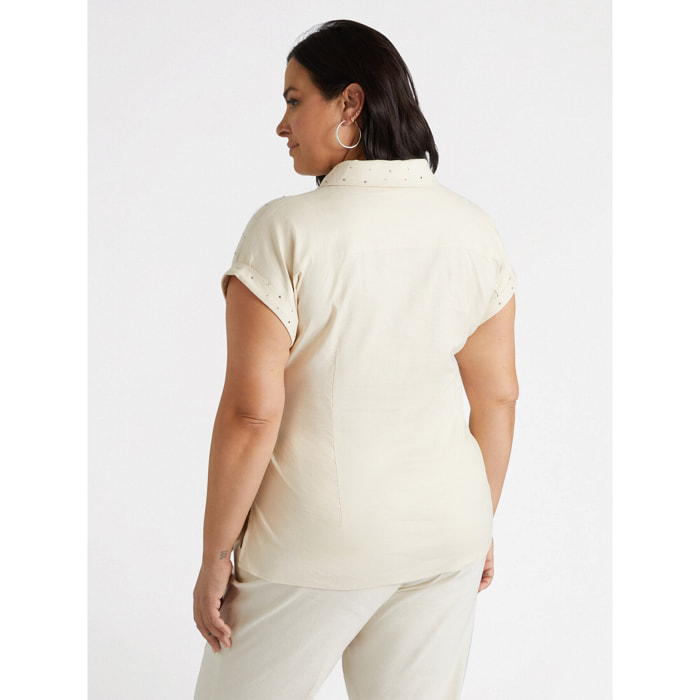 Fiorella Rubino - Camisa con tachuelas y nudo lateral - Beige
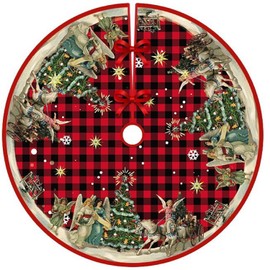 Round Christmas Tree Skirt, 120 cm / 47 Inches, Christmas Tree Skirt, Christmas Tree Mat, Round Christmas Tree Blanket, Round Christmas Tree Skirt (07)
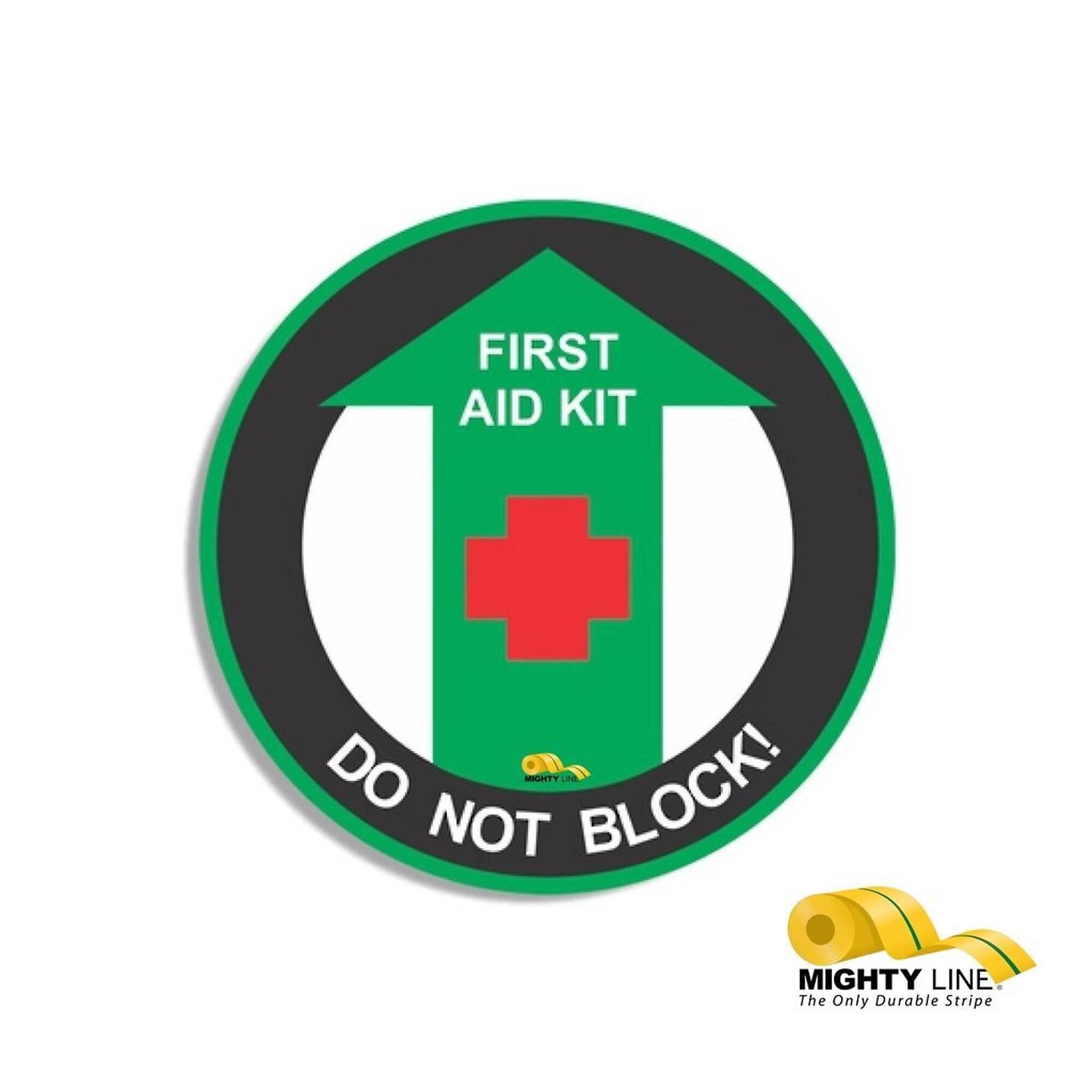 Mighty Line Do Not Block First Aid Kit Floor Sign — 24in., Industrial Grade Polymer, Model# FAKDNB24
============
What you have to do:
The lines from the one containing "Round Christmas Tree Skirt, 120" to the final line of the material, both ends included, should be retyped exactly and alone, with no pictures.

Written answer:
 Round Christmas Tree Skirt, 120 cm / 47 Inches, Christmas Tree Skirt, Christmas Tree Mat, Round Christmas Tree Blanket, Round Christmas Tree Skirt (07)
 Mighty Line Do Not Block First Aid Kit Floor Sign — 24in., Industrial Grade Polymer, Model# FAKDNB24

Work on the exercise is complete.